つまり、当事者にしてみれば「市販品には自分たちの仕様に合致するものがない」あるいは「戦略的にとても重要で、他者の手に委ねておくわけにはいかない」ものを内製化した結果が、その分野全体に予期せぬ大きな影響を及ぼした……そんな共通点がある例のこと。
また、Malikは言及していないものの、「必要なものが手に入らないなら、自分たちで作ろう」という点では、Tesla Motorsが先ごろ発表していた「Gigafactory」建設計画――バッテリの確保――にも相通じるところがあると思う。
このMalikの考えを「事業の当事者に向けたアドバイス」的な視点で読むと、それほど面白いところはないように思えもする。そう思える一番の理由は、あまりにも当然と感じられるからかもしれない。現実には(いろんな事情から)「作りたくても作れない」という場合が大半で、それができるのはごく一部の恵まれたプレーヤーだけという可能性なども思い浮かぶ。
一方、これを主に防御の面から捉えると、かなり厄介な事柄であることが感じられて、俄然面白みが増してくる。
AppleによるP.A. Semi買収とチップ設計の内製化にしても、Facebookによる独自仕様のハードウェア開発にしても、これまでいろんなところで報じられてきていることと思う(だからここでは詳細は省く)。
ただ、64ビットチップのモバイル端末搭載でApple(のA7プロセッサ)に先を越された形のQualcommにとってAppleは直接の競合関係にはない(あるいは「なかった」――少なくともP.A. Semi買収のあった2008年時点でそういう見通しを持てていた者がどれほどいたか)。FacebookとDellやHP、IBMとの関係も同じようなものだろう。
そういう捻れた関係を何とと呼ぶのが適切なのかはわからない――「非対称の競争関係(asymmetrical competition)」なんて言葉も思い浮かぶが、それでは何も伝わらないのと同じという気がしている――が、いずれにしても、そんな捻れた関係がいろんなところで生じ、当事者たちですら最初は意識していなかった類の「椅子取りゲーム」が進んでいる…。
そのことだけは常に頭の片隅に入れておくべきことと思える。つまり「Appleは別にQualcommやIntelなどのビジネスを奪おうと考えて、P.A. Semiを手に入れたわけではない」といったことをだ。

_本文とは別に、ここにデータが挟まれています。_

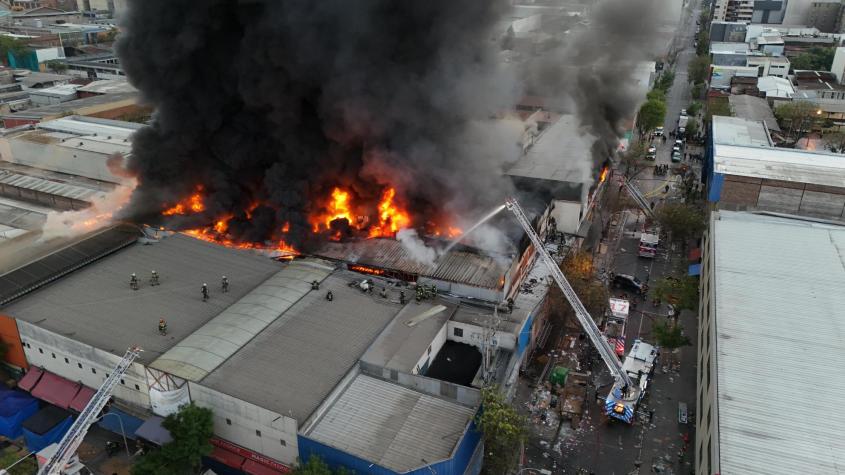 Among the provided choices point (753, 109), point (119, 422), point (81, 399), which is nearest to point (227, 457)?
point (119, 422)

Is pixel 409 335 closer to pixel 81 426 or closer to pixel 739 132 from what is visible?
pixel 81 426

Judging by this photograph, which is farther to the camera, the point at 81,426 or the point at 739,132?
the point at 739,132

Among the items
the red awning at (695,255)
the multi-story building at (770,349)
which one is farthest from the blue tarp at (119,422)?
the red awning at (695,255)

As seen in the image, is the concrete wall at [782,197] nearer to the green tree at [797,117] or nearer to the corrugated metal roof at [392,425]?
the green tree at [797,117]

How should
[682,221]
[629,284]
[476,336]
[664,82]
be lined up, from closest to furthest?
[476,336], [629,284], [682,221], [664,82]

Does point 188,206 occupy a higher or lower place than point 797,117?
lower

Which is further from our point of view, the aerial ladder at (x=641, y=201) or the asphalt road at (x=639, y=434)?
the aerial ladder at (x=641, y=201)

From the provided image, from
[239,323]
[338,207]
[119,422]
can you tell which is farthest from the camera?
[338,207]

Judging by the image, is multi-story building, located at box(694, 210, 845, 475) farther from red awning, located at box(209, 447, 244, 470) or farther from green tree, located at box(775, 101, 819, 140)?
green tree, located at box(775, 101, 819, 140) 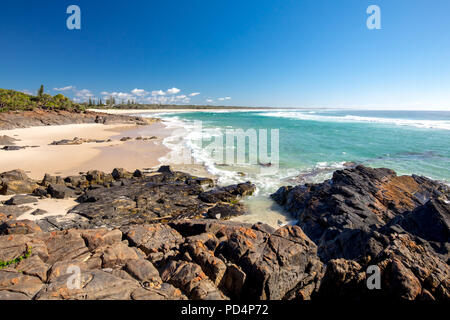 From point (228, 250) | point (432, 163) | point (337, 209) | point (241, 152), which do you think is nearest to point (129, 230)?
point (228, 250)

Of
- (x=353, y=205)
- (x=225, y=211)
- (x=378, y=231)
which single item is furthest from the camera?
(x=225, y=211)

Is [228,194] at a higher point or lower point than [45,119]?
lower

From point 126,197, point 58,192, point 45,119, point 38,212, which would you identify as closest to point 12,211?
point 38,212

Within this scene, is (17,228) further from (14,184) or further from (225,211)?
(225,211)

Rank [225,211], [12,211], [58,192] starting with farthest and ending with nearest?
1. [58,192]
2. [225,211]
3. [12,211]

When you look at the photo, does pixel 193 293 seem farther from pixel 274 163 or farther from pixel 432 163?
pixel 432 163

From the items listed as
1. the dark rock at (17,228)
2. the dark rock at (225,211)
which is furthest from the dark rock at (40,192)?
the dark rock at (225,211)

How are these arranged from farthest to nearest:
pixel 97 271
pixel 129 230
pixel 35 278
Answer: pixel 129 230 < pixel 97 271 < pixel 35 278

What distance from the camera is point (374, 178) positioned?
449 inches

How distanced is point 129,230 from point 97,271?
7.75 feet

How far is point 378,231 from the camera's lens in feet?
23.0

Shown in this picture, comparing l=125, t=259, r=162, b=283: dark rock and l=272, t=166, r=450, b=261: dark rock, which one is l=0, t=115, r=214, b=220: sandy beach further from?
l=125, t=259, r=162, b=283: dark rock

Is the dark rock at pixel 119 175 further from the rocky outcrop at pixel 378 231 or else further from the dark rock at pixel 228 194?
the rocky outcrop at pixel 378 231

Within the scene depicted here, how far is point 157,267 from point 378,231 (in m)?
6.71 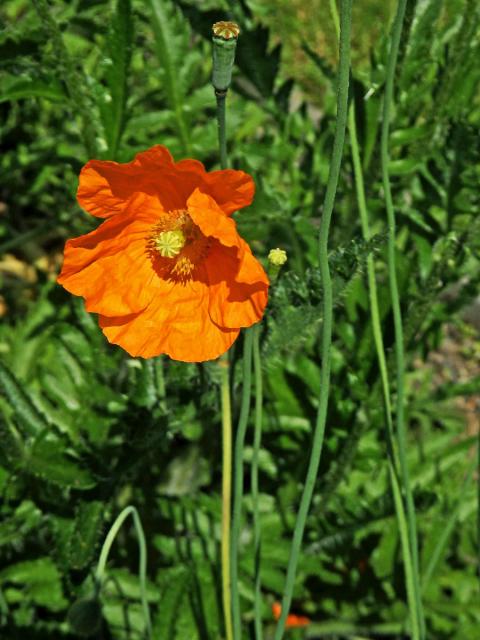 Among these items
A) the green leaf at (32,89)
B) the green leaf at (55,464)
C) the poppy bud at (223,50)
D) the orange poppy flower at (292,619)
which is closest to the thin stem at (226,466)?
the green leaf at (55,464)

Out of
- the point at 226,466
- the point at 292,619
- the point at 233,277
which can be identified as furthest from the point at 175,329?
the point at 292,619

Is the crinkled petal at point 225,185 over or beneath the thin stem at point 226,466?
over

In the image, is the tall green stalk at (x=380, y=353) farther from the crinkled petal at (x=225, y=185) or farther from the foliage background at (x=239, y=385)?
the crinkled petal at (x=225, y=185)

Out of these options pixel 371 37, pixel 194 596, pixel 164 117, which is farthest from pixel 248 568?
pixel 371 37

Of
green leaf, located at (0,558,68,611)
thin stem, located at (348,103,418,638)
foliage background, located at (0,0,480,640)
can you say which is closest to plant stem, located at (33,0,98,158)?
foliage background, located at (0,0,480,640)

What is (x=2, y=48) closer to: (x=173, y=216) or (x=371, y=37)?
(x=173, y=216)

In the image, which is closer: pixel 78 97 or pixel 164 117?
pixel 78 97

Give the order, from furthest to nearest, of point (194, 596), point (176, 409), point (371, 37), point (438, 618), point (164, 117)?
1. point (371, 37)
2. point (438, 618)
3. point (164, 117)
4. point (194, 596)
5. point (176, 409)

「予期せぬ競合相手の出現、あるいはその可能性を果たして予想できるのか」(言葉の上では明らかに矛盾している)、または「自分たちの間尺に合わない要求をしてきた顧客を競合相手にしないための何かいいやり方があるのか」などいろんな疑問が浮かんでくるが、生憎と答えのヒントになりそうなものはなかなか浮かんでこない……。
すぐに思いつくのは、たとえば「Appleの新製品(投入の噂)」といった話に「GoogleやSamsungとの競争状況が云々」などと条件反射的に書いてしまうような媒体の記事を読んでいても、たぶん役に立ちそうなことは何も見えてこないだろう、といったことくらいである。